### TASK REQUIREMENTS
Write out the entries exactly. None of the pictures should appear in the copy.

### MATERIAL FOR THIS EXERCISE
────

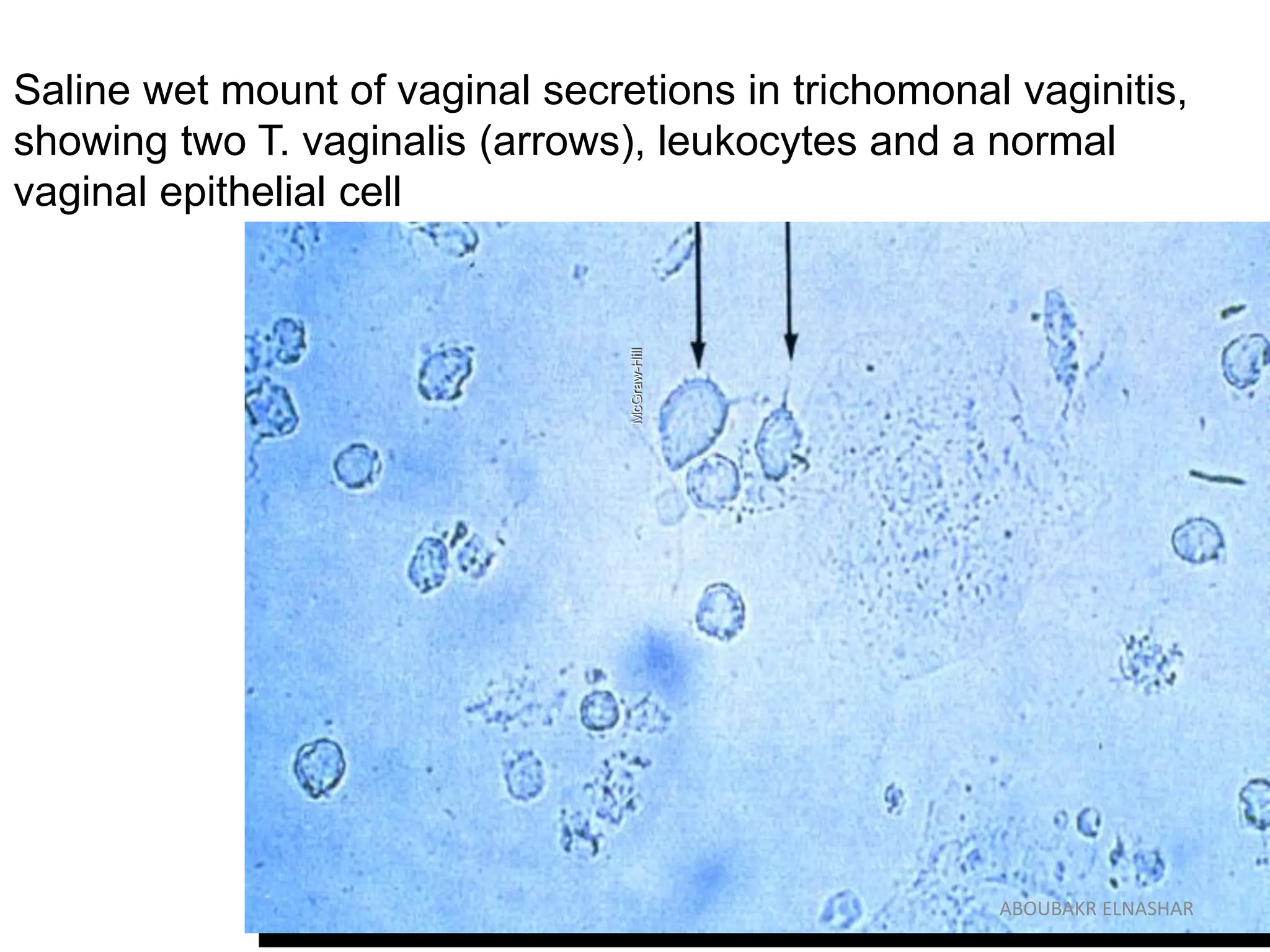 Saline wet mount of vaginal secretions in trichomonal vaginitis,
showing two T. vaginalis (arrows), leukocytes and a normal
vaginal epithelial cell
McGraw-Hill
ABOUBAKR ELNASHAR
 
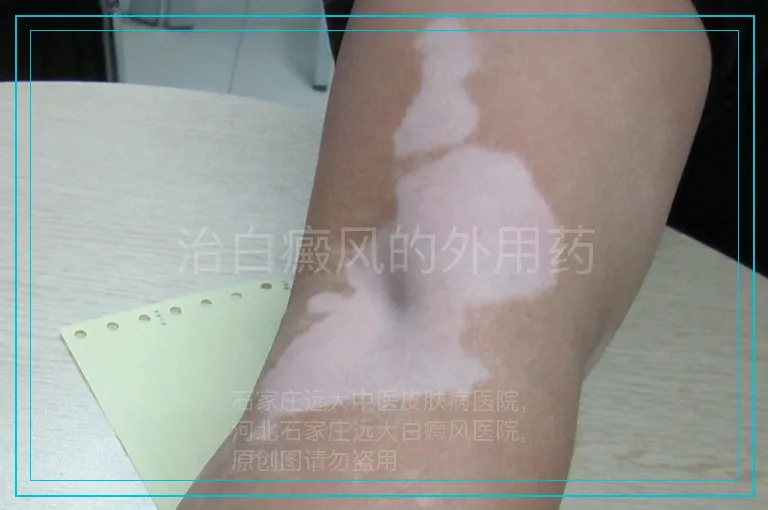 治白癜风的外用药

────

### TASK ANSWER
 Saline wet mount of vaginal secretions in trichomonal vaginitis,
showing two T. vaginalis (arrows), leukocytes and a normal
vaginal epithelial cell
McGraw-Hill
ABOUBAKR ELNASHAR
 
 治白癜风的外用药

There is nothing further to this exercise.